You can have a look at the sample plugins included in the Adventure Maker package
to better understand this point.
Note (1): The "item usage caption" is the caption of the option that is
displayed on the Hotspot Properties window when the AM user drags-and-drops an inventory
item onto a hotspot. Here is an example of what has been entered in those fields for the
Caption: When the hotspot is clicked, play a Flash
Item usage caption: On item drag-and-drop, play a Flash movie.
Note (2): The arguments passed to the specified VBScript procedure are always strings.

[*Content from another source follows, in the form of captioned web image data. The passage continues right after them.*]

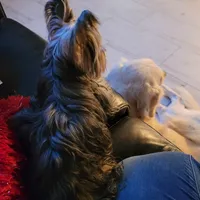 processed/90e77891-aebc-44a9-b7b8-22d527cc1364/facility/63b380f3-fa53-4f95-a6f3-0b6a7fafec6c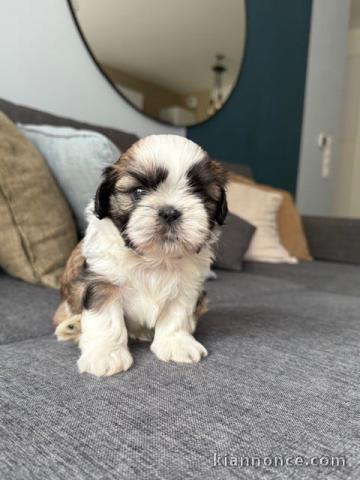 chiot Shih Tzu a donner 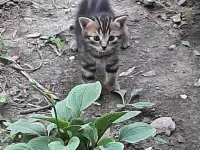 Потерялись хозяева у маленьких котят, фотография 12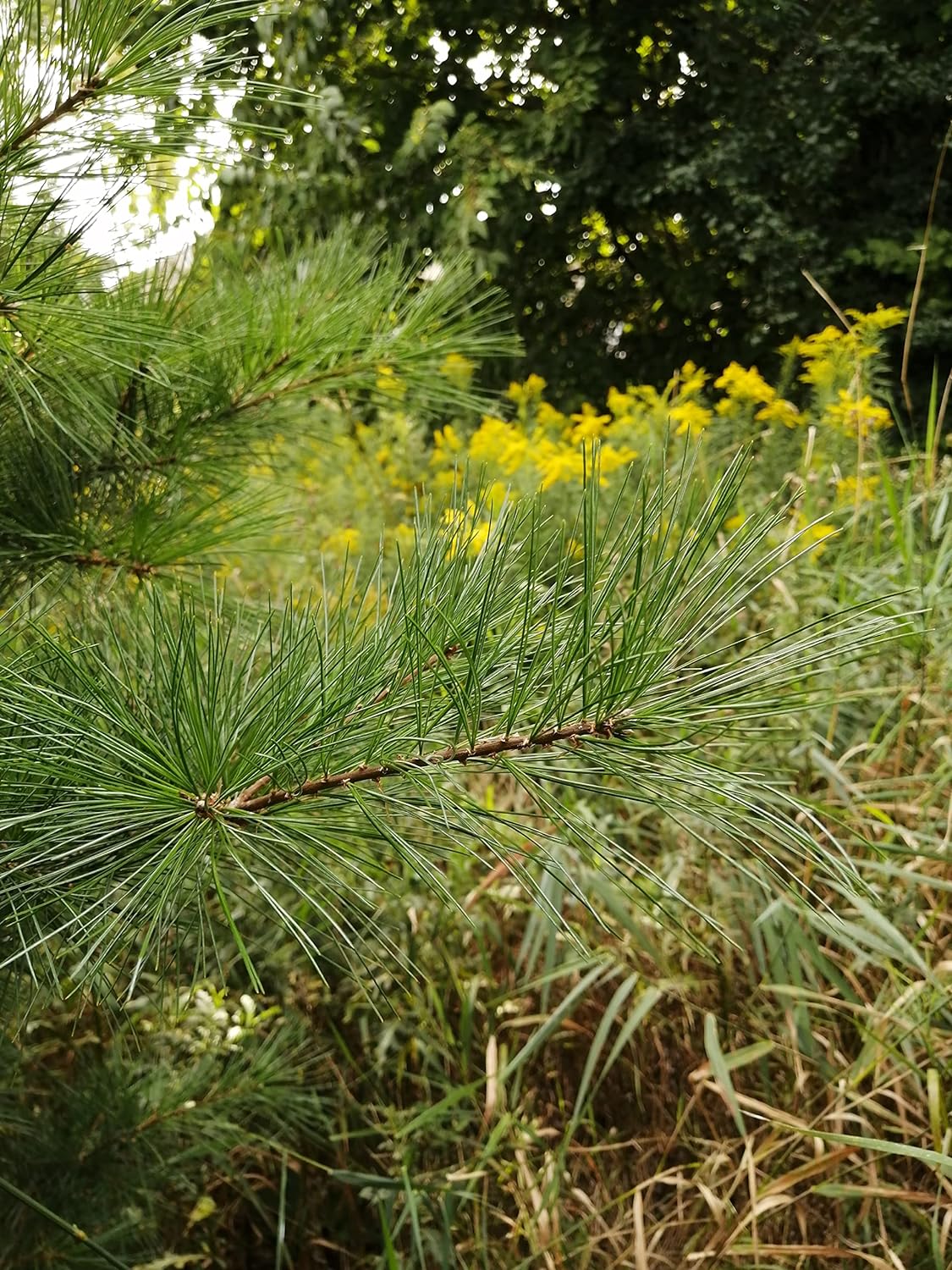 Combo de semences indigènes de la petite forêt de l'est du Canada au centuple - Microforêt comestible d'érable, de chêne et de pin qui couvre 100 mètres carrés (m2)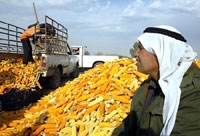 ضرورة إيجاد تكامل زراعي عربي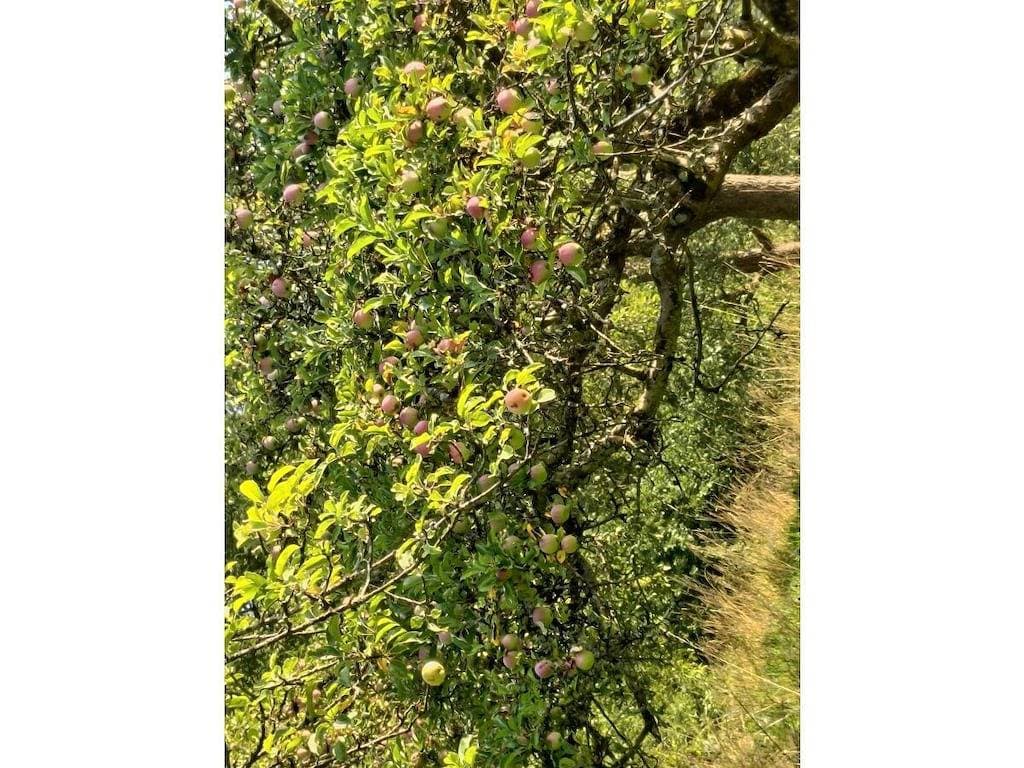 Foto 13 von 31: Villa Freudenberg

While it may sound obvious for the textboxes and the fileboxes, it is less obvious for the
checkboxes. When a checkbox is "checked", the value passed to the VBScript
procedure is the string "True", whereas when the checkbox is
"unchecked", the value passed to the VBScript procedure is the string
"False" (mind the case!). When checking whether the value is "True" or
"False", make sure to use the following code:
if myvariable = "True"
instead of the following one:
if myvariable = true then
(mind the quotation marks and the letter T that is uppercase).
The OCXs tab allows specifying which ActiveX custom components must be distributed with
the project when the AM user compiles the project into a self-installing executable.
During the installation process of the final product, the OCX files are copied to the
Windows System folder, and they are automatically registered with regsvr32.exe.
During design time, the OCX files must be located inside the "Plugins"
sub-folder of the Adventure Maker folder (and NOT inside the "components"
sub-folder of the project folder, which is meant
for other purposes). In other words, the OCX files must be located in the same folder as
the plugin itself.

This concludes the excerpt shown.